> _HOW TO COMPLETE THIS TASK_
Word for word, give the data again without its pictures.

Pictures with short captions:

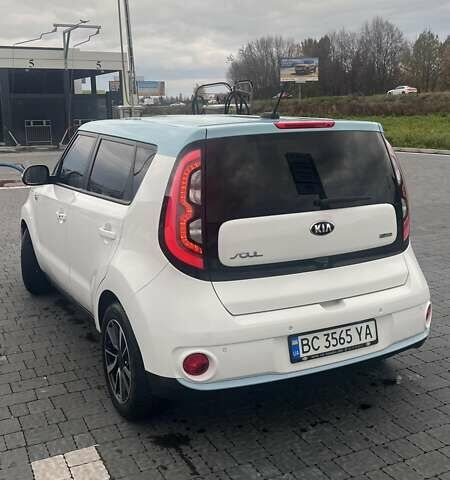 Білий Кіа Soul, об'ємом двигуна 0 л та пробігом 100 тис. км за 11500 $, фото 9 на Automoto.ua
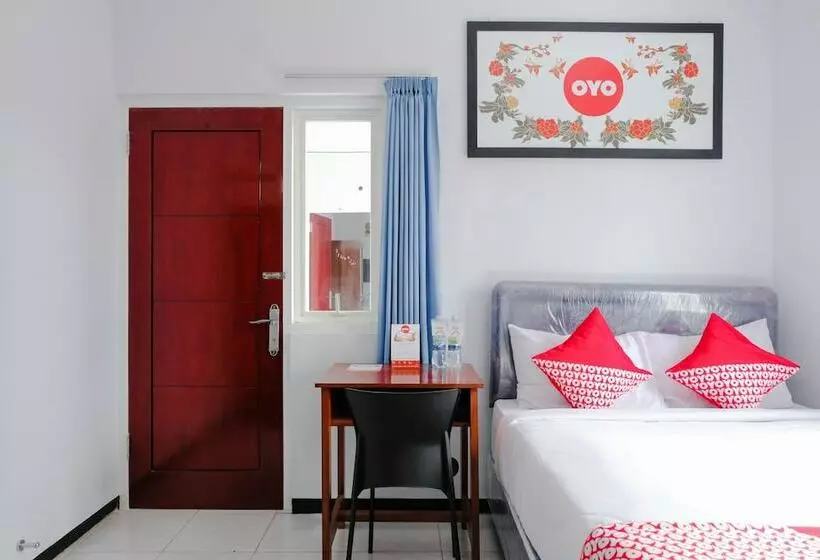 Hotel Reddoorz Syariah @ Puncak Buring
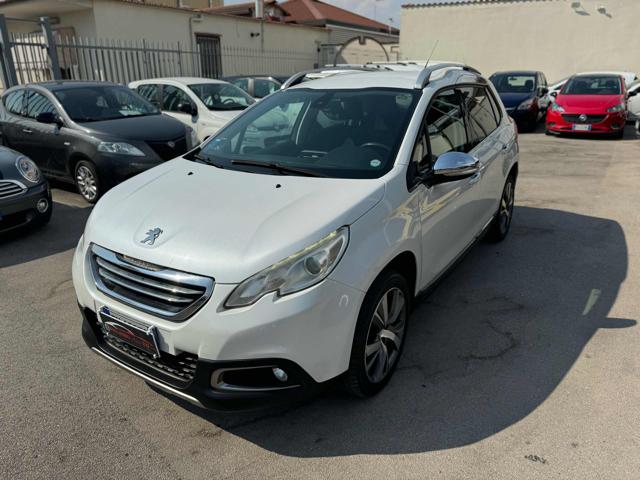 PEUGEOT 2008 Bianco metallizzato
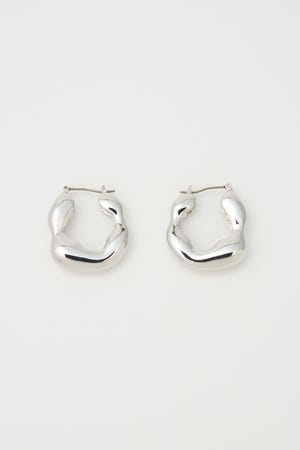 【1BUY5％OFF CAMPAIGN】DEFORMED MOTIF P／EARRINGS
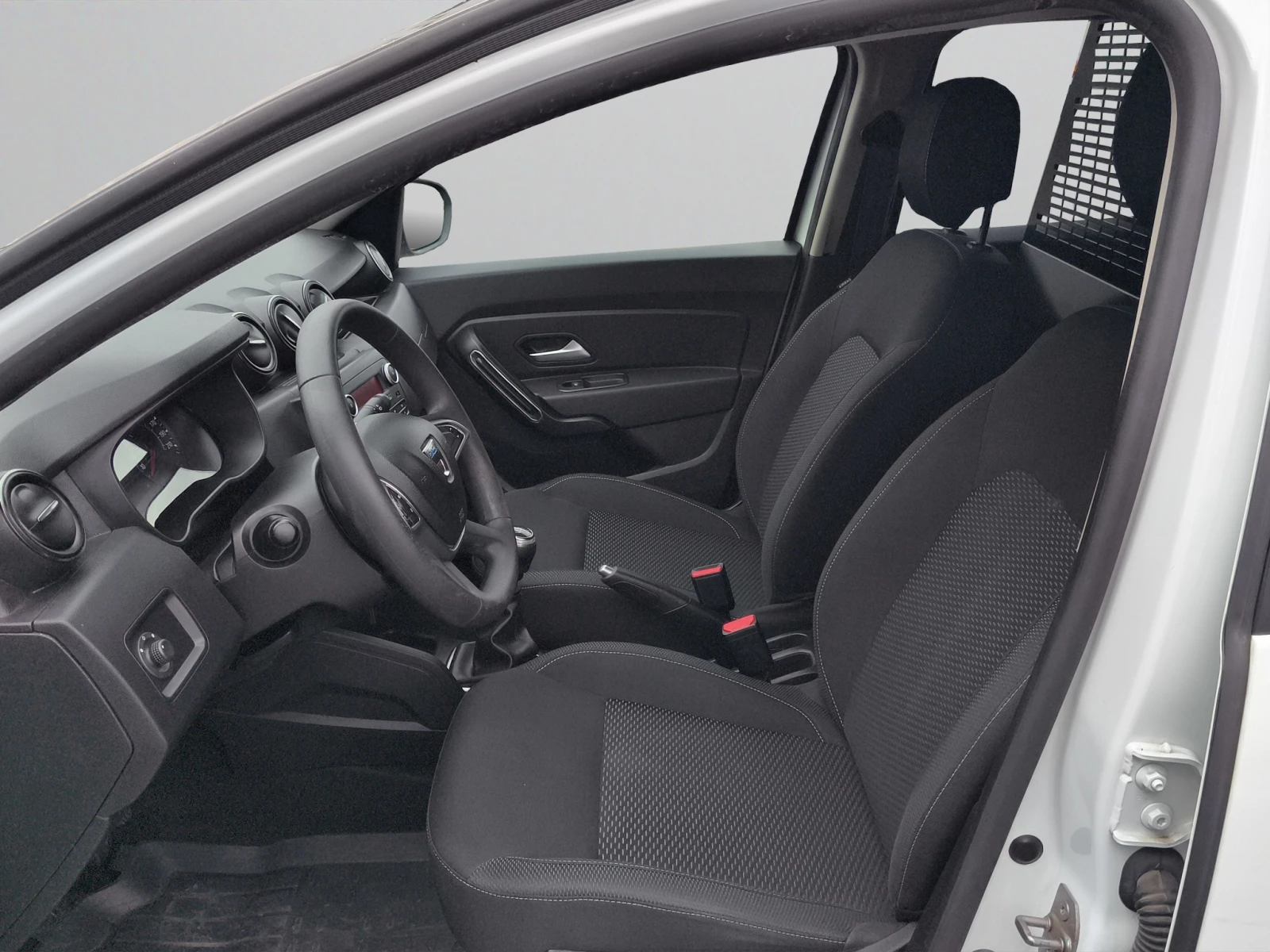 Dacia Duster 1.5dCi 116hp BVM6 4WD E6//2107R26, снимка 11 - Автомобили и джипове - 54923349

> _SOLVED EXERCISE_
 Білий Кіа Soul, об'ємом двигуна 0 л та пробігом 100 тис. км за 11500 $, фото 9 на Automoto.ua
 Hotel Reddoorz Syariah @ Puncak Buring
 PEUGEOT 2008 Bianco metallizzato
 【1BUY5％OFF CAMPAIGN】DEFORMED MOTIF P／EARRINGS
 Dacia Duster 1.5dCi 116hp BVM6 4WD E6//2107R26, снимка 11 - Автомобили и джипове - 54923349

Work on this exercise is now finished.